Before I start rambling..

Rebuild specs:



350 4 bolt main bored .030 over

10:1 CR

Stock Cast Crank turned .010

SCAT Forged 5.7" I-beam Rods

Sealed Power Flat Top Pistons w/ 4 valve reliefs

Vortec 906 Iron Heads

.016 Steel Shim Head Gaskets

Jones Cam's Hydraulic Flat Tappet: 110LSA 224/232 @ .050, .501"/.504" with 1.52 rockers

Cloyes Heavy Duty Double Roller Timing Set (set to advanced keyway while degreeing cam)

Melling 10552 HV Oil Pump

Holley 4160 600cfm Vac. Secondary Carb

Edelbrock Performer RPM Vortec Intake

Stock GM HEI Distributor

NGK TR55 Plugs

Factory replacement Taylor wires

High Torque Mini Starter

Rotating assembly was balanced during rebuild



Well fellas, I'm currently stumped. I just recently rebuilt my 350, and broke it in a few days ago.. used PennGrade break in oil. Break in went pretty well.. I set distributor in at 14* before starting it. It started right up, bounced around a little for a few seconds, then smoothed out as I raised the RPM's. I varied the engine speed between 2000-2500 for 20 minutes. After 20 minutes, I started to back the engine speed down. I eventually got to the point where I could no longer unscrew my curb idle screw any further. I snapped the throttle a few times, but it didn't come down. I pushed the throttle lever forward a little to make sure it wasn't the cable, when suddenly the idle dropped, I heard a clack, and it shut off. I started it again, heard clacking, and shut it right off. After removing the valve covers, I found that my #3, 5, and 6 intake rockers were loose. They weren't making a single sound until I pushed the throttle blade forward and the car died. I started turning the engine over by hand to readjust these valves.
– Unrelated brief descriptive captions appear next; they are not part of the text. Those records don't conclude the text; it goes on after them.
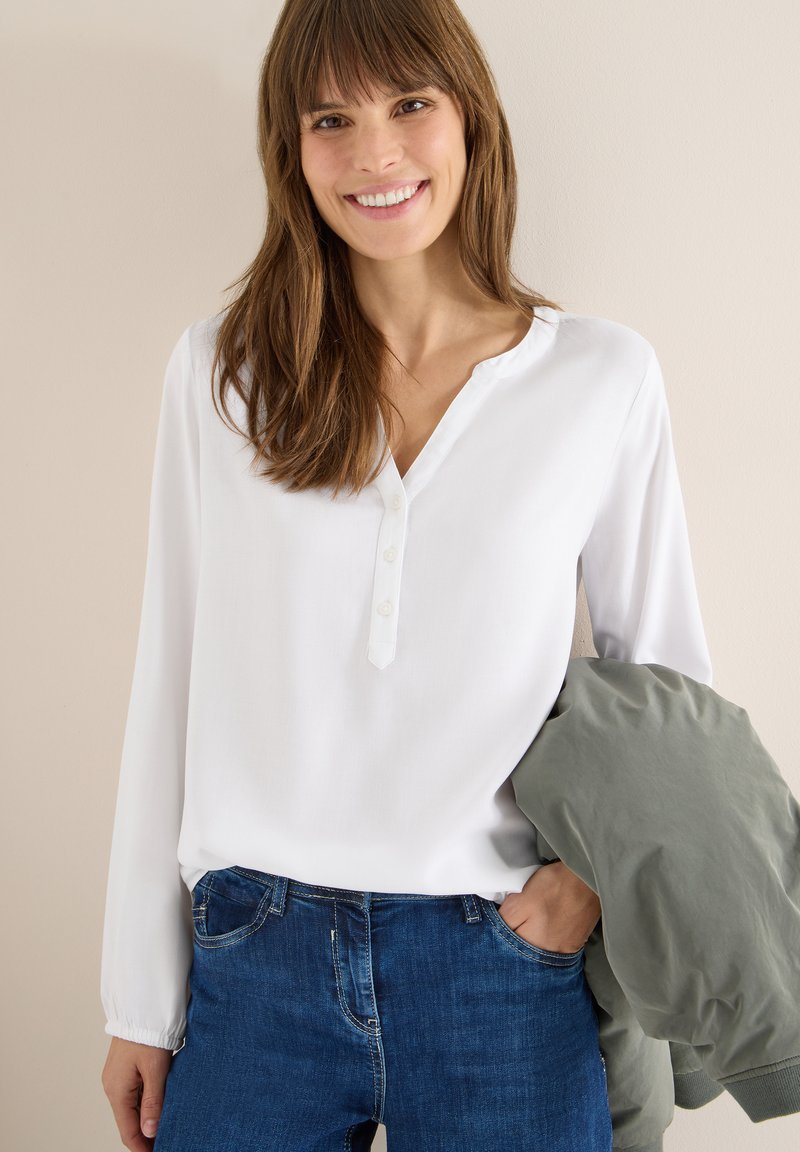 Blouse blanche à manches longues avec un col en V et une patte de boutonnage, associée à un jean bleu. Une veste verte claire est posée sur un bras.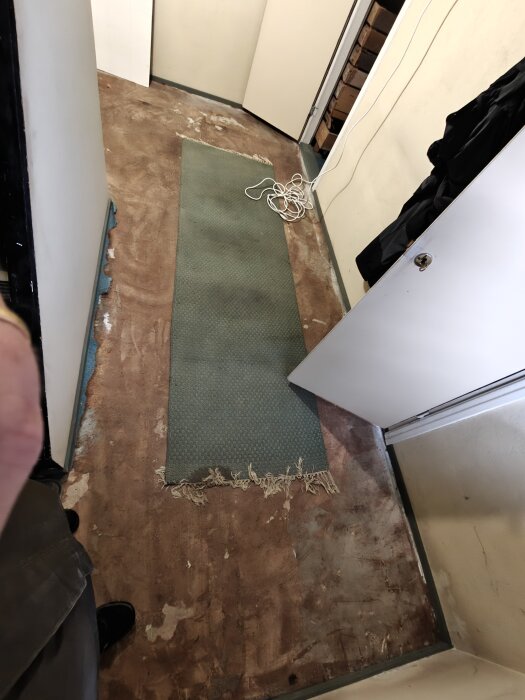 Ett källargolv med borttagen linoleummatta, exponerat betonggolv och en kvarvarande grön matta med fransar och hoprullad vit sladd.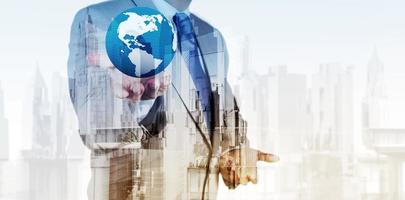 Double exposure of business engineer holding the earth and abstract city as concept photo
I turned the engine over by hand while watching the corresponding cylinder's exhaust valve. Once the exhaust valve started to open, I adjusted the intake valve, and gave it 1/2 turn past zero lash. I did this for all 3 that loosened up. Then, like a complete idiot, I forgot to take the breaker bar and socket off of the crank pulley, and blipped the ignition. I heard the breaker bar rotate clockwise, hit my frame rail, and then fall to the ground. I went and double checked that the crank bolt didn't loosen up, shook my head at myself and then started the car up. It was running terribly. The engine was bouncing and running very rough, and it wouldn't stay running unless I held the throttle open. The second I let go, it would die. Now I noticed that while cranking, it was "galloping" rather than a steady crank. You could hear it crank fast, then slow, fast, then slow. Before adjusting the timing, I marked the distributor cap location so I could go back to my starting point. I tried advancing it further - didn't help. Tried retarding it a bit, didn't help. Eventually I got it to where it would at least stay running well enough that I could pull it in the garage. Out of curiosity, I checked where the timing was at this point, and it was somewhere near the 30's at idle with the vacuum advance plugged! I retarded the timing, and it shut off. Lined up with my original reference mark on the distributor cap, it wouldn't stay running again. Before taking a break, I pulled my plugs - they were black, sooty and fouled. Smelled like gas.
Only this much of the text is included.